The entries below contain a line with "Dakimakura Anime Pillowcase" and a line with "Making progress in". Retype exactly everything from the first down to the second, both included, and nothing else.

- **THE DATA**
*****

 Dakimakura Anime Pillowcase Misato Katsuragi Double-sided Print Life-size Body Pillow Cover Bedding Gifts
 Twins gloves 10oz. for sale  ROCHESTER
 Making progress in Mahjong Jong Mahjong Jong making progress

*****

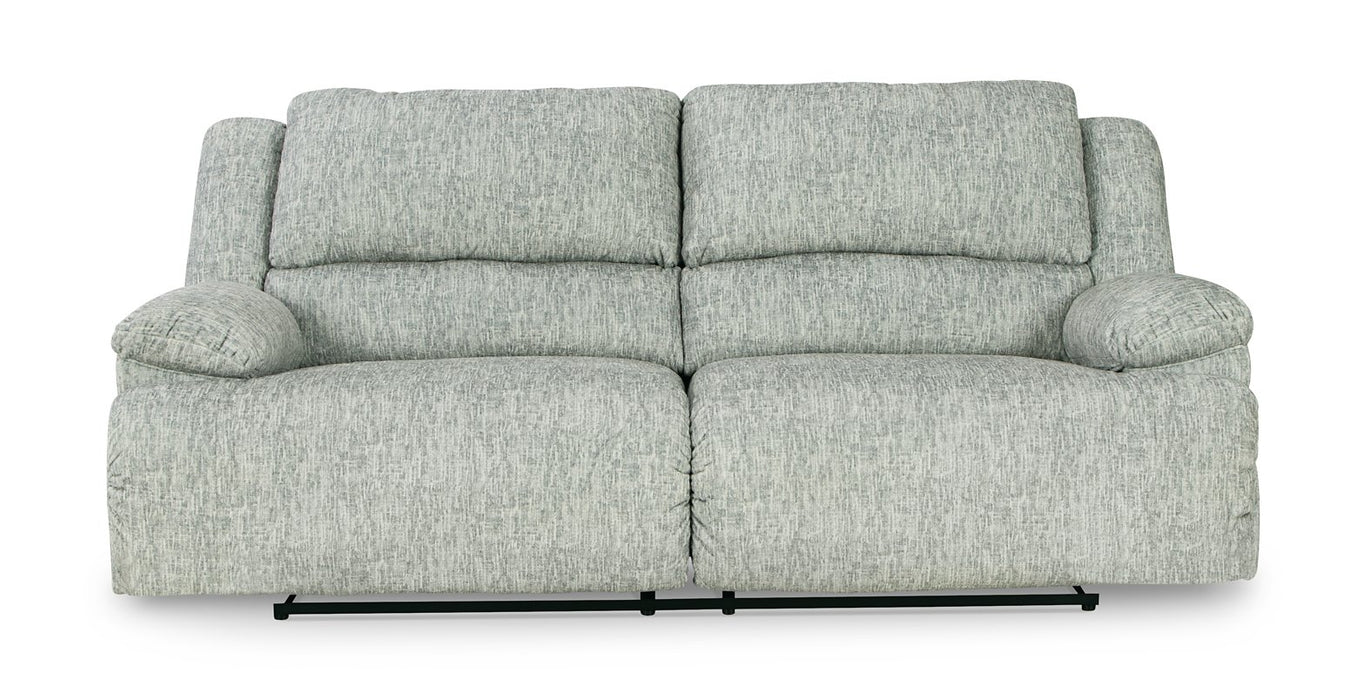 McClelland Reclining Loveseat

*****

- **ANSWER TO THIS PROBLEM**
 Dakimakura Anime Pillowcase Misato Katsuragi Double-sided Print Life-size Body Pillow Cover Bedding Gifts
 Twins gloves 10oz. for sale  ROCHESTER
 Making progress in Mahjong Jong Mahjong Jong making progress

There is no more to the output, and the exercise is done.